Experiences for IP Addresses Shortage on EKS Clusters
In a fast-growing company, like Compass, things may become challenging for Cloud infrastructure teams. As serving more and more customers, many backend services scaled up in our Kubernetes clusters. Meanwhile, a variety of new backend services went online to satisfy new requirements.
Recently, a big challenge for our Cloud Engineering team in Compass is the shortage of IP addresses in some Kubernetes clusters which are managed by AWS EKS. I would like to share our experiences of troubleshooting, investigations, exploring solutions and mitigating the issues.
Problem Found
The problem was noticed first when some teams reported some transient failures during deployments in the staging environment. The logs can tell the reason of deployment failed.
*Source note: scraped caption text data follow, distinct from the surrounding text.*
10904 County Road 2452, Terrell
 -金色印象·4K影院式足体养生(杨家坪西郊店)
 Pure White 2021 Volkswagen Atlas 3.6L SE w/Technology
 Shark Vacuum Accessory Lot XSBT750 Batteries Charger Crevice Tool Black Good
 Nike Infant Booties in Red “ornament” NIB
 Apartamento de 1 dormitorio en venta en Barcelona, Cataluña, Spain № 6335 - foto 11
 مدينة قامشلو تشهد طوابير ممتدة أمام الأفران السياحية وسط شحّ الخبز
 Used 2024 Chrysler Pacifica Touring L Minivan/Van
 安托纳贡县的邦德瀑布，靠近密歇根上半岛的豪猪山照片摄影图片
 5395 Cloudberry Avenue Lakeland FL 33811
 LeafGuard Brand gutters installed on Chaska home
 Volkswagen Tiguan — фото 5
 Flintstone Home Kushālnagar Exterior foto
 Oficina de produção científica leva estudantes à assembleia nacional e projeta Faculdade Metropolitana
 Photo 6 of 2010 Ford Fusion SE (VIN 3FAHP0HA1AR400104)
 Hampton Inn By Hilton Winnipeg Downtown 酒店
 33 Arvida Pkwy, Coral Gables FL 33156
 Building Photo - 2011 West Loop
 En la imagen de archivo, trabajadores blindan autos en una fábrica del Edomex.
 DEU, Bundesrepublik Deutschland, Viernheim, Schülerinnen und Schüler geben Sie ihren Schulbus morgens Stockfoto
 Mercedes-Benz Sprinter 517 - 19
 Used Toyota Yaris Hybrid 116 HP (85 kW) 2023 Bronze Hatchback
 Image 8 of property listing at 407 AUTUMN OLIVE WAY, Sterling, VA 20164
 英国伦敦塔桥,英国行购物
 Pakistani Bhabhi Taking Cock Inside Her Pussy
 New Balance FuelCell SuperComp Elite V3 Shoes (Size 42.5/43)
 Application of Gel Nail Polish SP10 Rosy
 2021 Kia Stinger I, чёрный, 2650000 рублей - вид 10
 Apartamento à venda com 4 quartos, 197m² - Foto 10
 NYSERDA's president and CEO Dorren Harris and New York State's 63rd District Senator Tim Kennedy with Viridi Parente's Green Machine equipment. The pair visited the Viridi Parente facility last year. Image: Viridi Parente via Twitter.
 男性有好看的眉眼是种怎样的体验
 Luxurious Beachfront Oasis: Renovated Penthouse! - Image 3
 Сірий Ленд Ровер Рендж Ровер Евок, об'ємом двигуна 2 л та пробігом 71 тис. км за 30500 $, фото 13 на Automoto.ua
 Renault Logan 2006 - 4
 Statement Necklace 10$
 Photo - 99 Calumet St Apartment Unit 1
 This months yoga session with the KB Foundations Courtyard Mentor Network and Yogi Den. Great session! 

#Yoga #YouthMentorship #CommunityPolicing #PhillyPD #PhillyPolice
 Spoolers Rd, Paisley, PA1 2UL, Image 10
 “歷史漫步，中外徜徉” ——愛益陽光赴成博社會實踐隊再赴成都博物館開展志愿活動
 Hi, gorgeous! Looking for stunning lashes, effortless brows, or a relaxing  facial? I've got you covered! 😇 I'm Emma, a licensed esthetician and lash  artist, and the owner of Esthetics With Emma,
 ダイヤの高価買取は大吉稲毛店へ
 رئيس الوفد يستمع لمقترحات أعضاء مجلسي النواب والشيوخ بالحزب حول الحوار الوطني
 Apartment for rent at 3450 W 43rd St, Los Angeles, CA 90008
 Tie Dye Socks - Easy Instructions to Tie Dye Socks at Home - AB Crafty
Warning FailedCreatePodSandBox 17m kubelet, ip-10-0-0-100.ec2.internal Failed create pod sandbox: rpc error: code = Unknown desc = failed to set up sandbox container "a7c7ce835d262d7a3fd4ab94c66376e0266c03ba2fc39365cb108282f440b01a" network for pod "internal-backendserver-deployment-74f49769c5-nkdpn": networkPlugin cni failed to set up pod "internal-backendserver-deployment-74f49769c5-nkdpn_default" network: add cmd: failed to assign an IP address to container
Therefore, I started checking the VPC status of the Kubernetes cluster from AWS console and then found the available IP addresses for some private subnets reaching to 0.